Nio kembali menempuh jalur hukum saat gelombang rumor dan serangan reputasi di internet menyasar perusahaan di tengah percepatan peluncuran model baru. Langkah ini datang ketika pabrikan kendaraan listrik asal China itu juga mencatat dua kuartal berturut-turut dalam profitabilitas, sehingga sorotan ke kinerja bisnis dan serangan daring terjadi hampir bersamaan.
Perusahaan menyebut sudah mengumpulkan bukti atas dugaan pelanggaran tersebut dan polisi telah menerima kasusnya. Nio mengatakan akan mengambil tindakan hukum secara tegas untuk meminta pertanggungjawaban pihak-pihak yang terlibat.

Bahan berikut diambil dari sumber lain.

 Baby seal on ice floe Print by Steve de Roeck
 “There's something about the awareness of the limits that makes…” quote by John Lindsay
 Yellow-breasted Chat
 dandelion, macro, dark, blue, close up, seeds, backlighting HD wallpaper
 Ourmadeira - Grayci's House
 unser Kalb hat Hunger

Sasaran serangan: Onvo dan jaringan battery swap
Departemen hukum Nio menyebut serangan terbaru terutama mengarah ke sub-merek Onvo dan jaringan stasiun battery swap milik perusahaan. Salah satu narasi yang disebarkan akun daring adalah klaim palsu bahwa pemeran dalam video promosi Onvo merupakan pemeran utama dari sebuah film terbaru yang banyak menuai ulasan negatif.
Nio mengatakan rumor itu sudah dibantah melalui berbagai saluran, tetapi sejumlah akun tetap menyebarkannya. Salah satu akun yang disebut perusahaan adalah “彼得堡的肥天鹅” atau “Peterburg’s Fat Swan”, yang dinilai terus mendorong opini negatif dan menyerang Nio serta aktor yang terlibat.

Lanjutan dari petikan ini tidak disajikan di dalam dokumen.